Only a limited number of configuration programs can be loaded at the same 
time. If there is no room for loading a new configuration program, the configuration program 
for another configurable instruction is removed from the band to make room for the new 
configuration program. 

Each time a configuration program is loaded there is a considerable overhead. 
According to the article, this overhead is minimized by keeping the configuration programs 
loaded as long as possible before removing them to load other configuration programs. Thus, a 
kind of caching of configuration programs is realized, which minimizes the overhead when a 
configurable instruction is used repeatedly. Still, there is considerable overhead for loading 
configuration programs. 

Amongst others, it is an object of the invention to reduce the overhead needed 
to load configuration programs. It is a further object of the invention to increase the number of 
configuration programs that can be kept loaded together, so that configuration programs need 
to be loaded at fewer times. It is another object of the invention to reduce the amount of 
memory needed to store all configuration programs needed for a computer program. 

An embodiment of a method of executing a computer program according to the 
invention is set forth in Claim 1. According to this embodiment combinations of configurable 
instructions are defined and loaded in combination and not individually. Before running the 
program one or more combinations are selected, each of at least two configurable instructions. 
Typically, each combination is associated with one or more sequential regions of instructions 
the computer program.
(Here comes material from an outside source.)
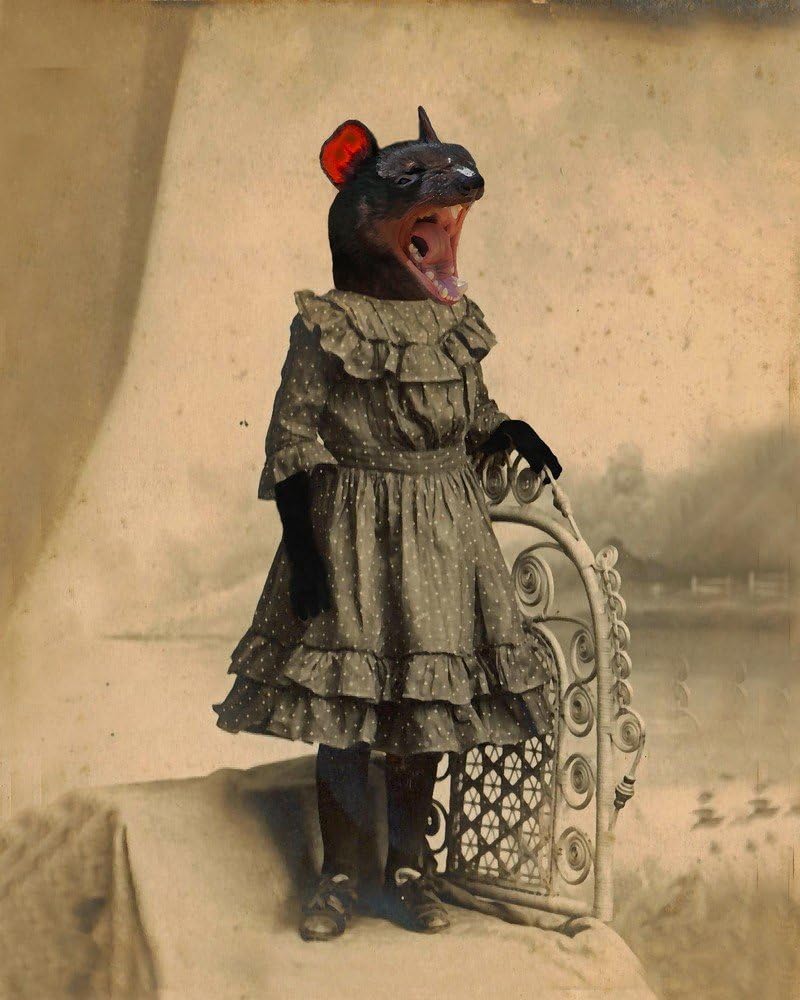 Victorian TASMANIAN TIGER GIRL yawning Altered portrait anthro art print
When the particular region of the program is executed the 
configuration program for all configurable instructions for the relevant combination for that 
region is loaded. 

The combinations of instructions and their associated regions can be selected 
before running the program, in such a way that the overhead for loading configuration * 
programs will be minimal, that is, configurable instructions selected for the combination occur 
in a sequence without interruption by other configurable instructions, not belonging to the 
combination, if these other configurable instructions would cause the need to load another 
combination. Thus, the work done to minimize the overhead is done at compile-time rather 
than at run-time.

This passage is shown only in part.